Harare – Diversified industrial conglomerate Innscor Africa Limited posted $631.283 million in revenue for the year ended June 30, 2018 which compared to $580.303 million in the prior year, representing a 9 percent increase.
The Group said an improved performance was noted in the second half of the year, where revenue grew by 21 percent on the comparative period, a result driven by increased volumes across most categories and improved product mix.
“Second half revenues were also aided by improved day old chick supply and a small pricing increase awarded in the bread category in the final quarter of the year.
“The improved product mix, favourable raw materials position and continued tight control in operating costs resulted in operating profit growing by 18 percent over the comparative year to $77.162 million.”
Innscor said a final impairment of $2.042 million relating to feed destroyed at infected poultry sites at Irvine’s was processed, of which $1.170 million is reported within the financial loss of the year, this compares to the prior year financial loss which included an impairment charge of $7.284 million, relating to poultry livestock culled.

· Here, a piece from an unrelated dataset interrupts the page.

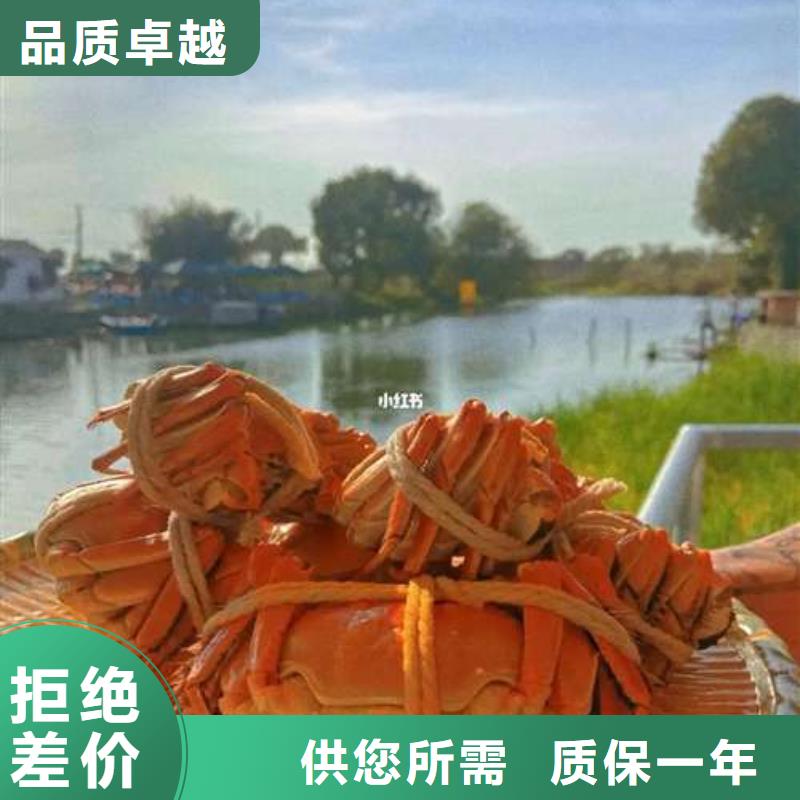 阳澄湖大闸蟹网上订购视频-宜兴|江阴|盐城|徐州|常州|宿迁|扬州|连云港顾记阳澄湖大闸蟹网上订购_ 阳澄湖镇岛顾记大闸蟹经营部(无锡市分公司)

During the course of the year, the Group took on significant working capital positions related to key raw materials required for ongoing trading, this resulted in the net interest increasing by 48 percent over the comparative year.
“This higher net interest charge, was off-set by a favourable fair value adjustment on listed equities and livestock and an improved performance by the Group’s associate entities. Overall profit before tax before the year at $62.872 million was 51 percent above that recorded the prior year.
“Included in the prior year numbers are net results of $0.984 million of discontinued and discontinuing operations which relate to the Group’s interest in Spar Zambia Limited and The River Club in Zambia, both of which were disposed of during the 2017 financial year.”
In the period under review, overall headline earnings per share of 6.09 US cents were recorded for the year under review representing a growth of 28 percent on the comparative period.
The Group said cash flow was excellent and it generated $95.308 million from operating activities against $16.267 million in the comparative year.
Additionally, Innscor said capital expenditure, at $36.569 million included critical maintenance projects, as well as a number of capabilities and capacity enhancement projects across the Group.